Recorded information:
◆ ◆ ◆
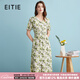 愛(ài)特愛(ài)（EITIE）夏日清新減齡印花女裙收腰V領(lǐng)連衣裙夏新款高端女裝B2407364 墨綠41 L 165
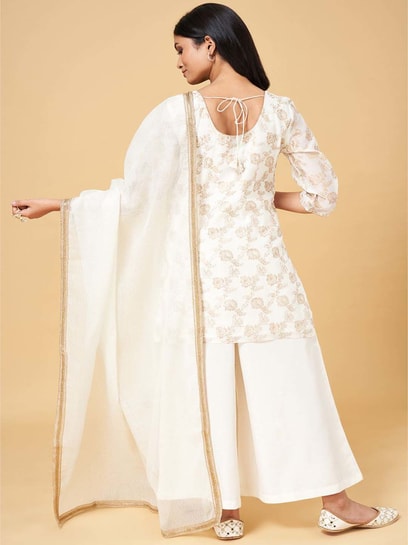 Off White Cotton Printed Kurti Palazzo Set at Rs 1110/set in Jaipur | ID:  14040935897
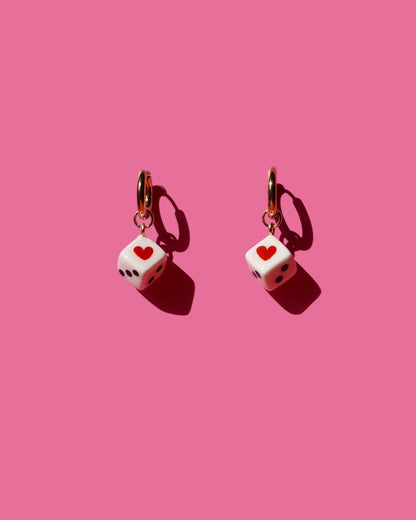 Heart Dice Charm Earrings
◆ ◆ ◆
Instructions to follow: Retype all of the listing word for word and skip the pictures.

Response area:
 愛(ài)特愛(ài)（EITIE）夏日清新減齡印花女裙收腰V領(lǐng)連衣裙夏新款高端女裝B2407364 墨綠41 L 165
 Off White Cotton Printed Kurti Palazzo Set at Rs 1110/set in Jaipur | ID:  14040935897
 Heart Dice Charm Earrings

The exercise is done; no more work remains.